After choosing sites to syndicate listings to based on selection criteria, MLSs and brokers will still have the ability to select additional sites that may not fit those rules.

"They may get down to seven or eight sites (using the selection criteria), and say, there are a few others that don’t my criteria. They can override and add sites that don’t fit."

Because features like the look and feel of a site and how well leads convert are more subjective, ListHub will also allow users to rate listing portals, using a five-star rating system. Users will have the ability to sort listing portals by ratings.

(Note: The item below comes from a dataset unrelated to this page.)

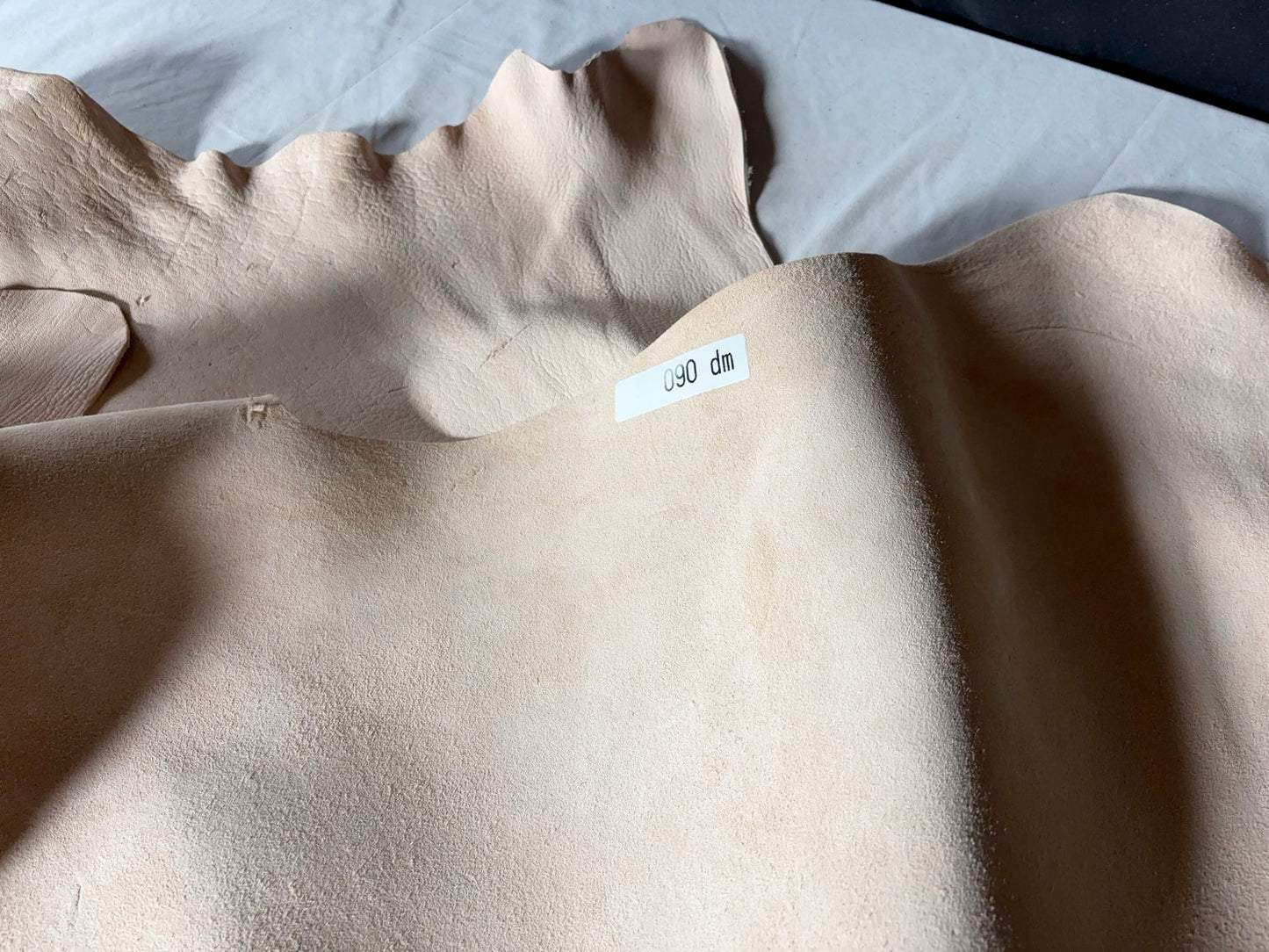 山の主　シカ革(ヌメ)ソフトタイプ　生成りカラーAランク90ds　2ｍｍ　銀面あり　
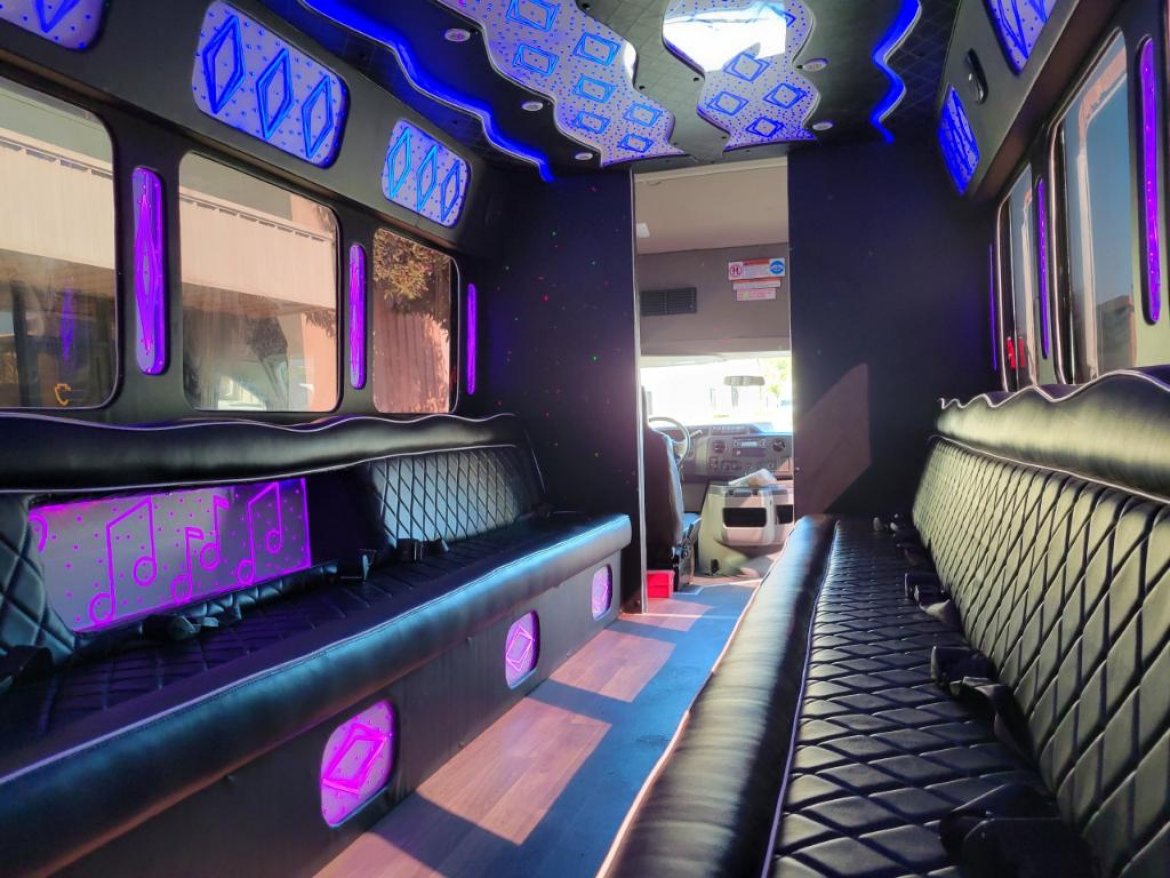 Limo Bus for Sale in fontana, CA - Photo 11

ListHub will also allow MLSs to award an "MLS preferred" designation to listing portals that they feel have adopted "best practices" for their members.

Glass said the new selection tools will help make publishers aware of what’s important to MLSs, brokers and agents.

"My view is that the exchange of value is listings for exposure," Glass said. "The listings are the fuel in that equation. I think that any publisher that sees their fuel decrease will have a much stronger impetus to fill the holes where they are not fitting a certain criteria."

Like Realtor.com’s Samuelson, Glass said the debate over listing syndication has not had an impact on ListHub’s business.

ListHub is adding 600 to 700 brokers a month, he said, a rate that’s unchanged in the last 18 months. Only a tiny fraction of ListHub’s 43,000-plus broker clients have "turned things off" in the last three to four months.

"We’re talking less than 10," Glass said. "There has not been a watershed behind the scenes. The only ones (to stop syndicating) are the same ones that everyone has read about."